A random goat roaming around

Joes conch(pronounced conk) bar. Peanut in the bike box

Charlie and I think daughter

These Bull sharks were huge!

Mmmmmm

Conch salad or sometimes called civiche

Conch piles found along the water. Conch hunting or fishing, not sure what to call it is quite the business here.

Monday, February 23, 2015

Wer'e in Bimini

Monday, Feb 23rd

We left Port Everglades inlet at 7:00 am this morning.  The first two hours were pretty uncomfortable. It was nearly impossible to pour a cup of coffee or stand. I now have a few more boat bruises caused by trips from the fly bridge to the galley.The waves did lay down somewhat around1:30 in the afternoon. They went from two and a half to three footers to one and a half to twos. About a 1/2 mile out of Bimini harbor we finally experienced the one footers that were predicted. We are staying at a marina as it made checking into customs and access to our bikes easier. Tom checked us in as only the master or captain is supposed to take care of it.  All went smoothly we thought, then while in the immigration office Tom got called back to customs. He came out with an officer who followed us to the boat. Not a good sign. When done Tom had to accompany the officer back to customs. Again not a good sign! All I could think of is if they were not going to let us stay I hope we at least had till morning.

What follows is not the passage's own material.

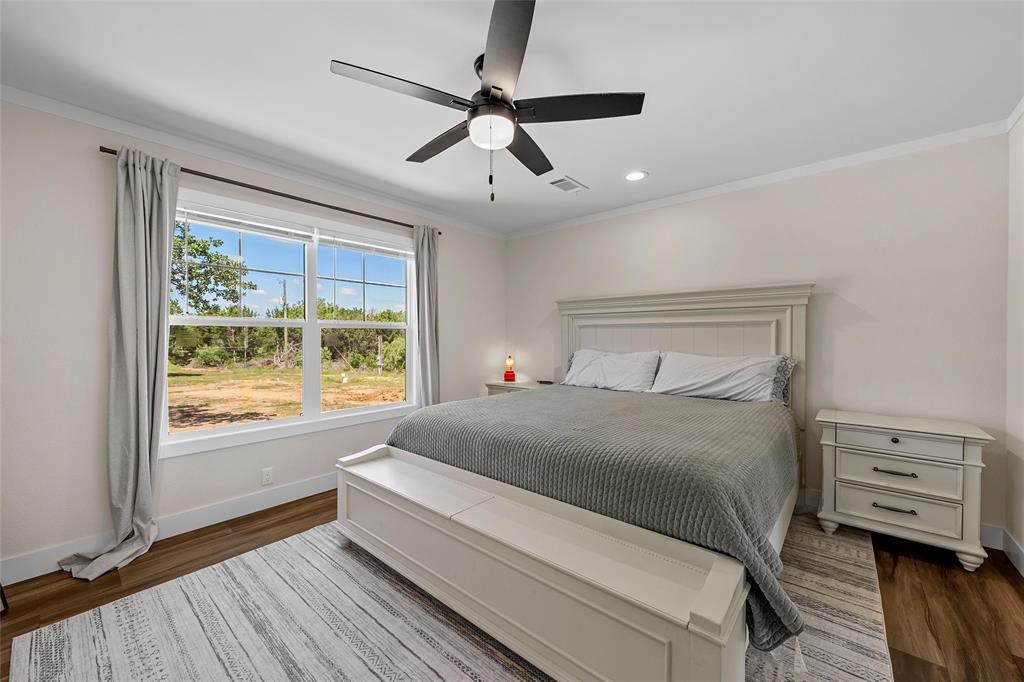 3050 Clater Powell Road Waco, TX 76705 - Photo 21 of 39 a bedroom with a large bed and a large window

I did not want to cross back at night. What happened?  Well, I'll let Tom be the one to tell you his mistake but I will say we were lucky. He was given a stern reprimand rather than the three to five thousand dollar fine that goes along with this mistake. After checking in with customs and immigration we took a long bike ride to one end of Bimini to see all the improvements that are taking place with the new resort. It was new and just getting underway when we were here three years ago. After dinner Tom went fishing off the dock. I came out with Peanut for a while but after seeing two sharks pass by decided I needed to take her back on the boat. She gets so excited about fishing that she has been know to fall in and she wouldn't last long with those big guys swimming around.
                                                        Entrance to Bimini Harbor

                                     What remains of a home owned by Ernest Hemingway
                                 The new Hilton being built on the World Resorts property
                                              A view of the ocean from the resort pool
This resort was very new when we were here 3 years ago. They had shops and single family homes.
They now have townhomes, the pool and connected bar, a casino and a Hilton is under
construction. We were amazed at the changes. The resort is located at the very end of the island. Once you leave the property there really isn't much else.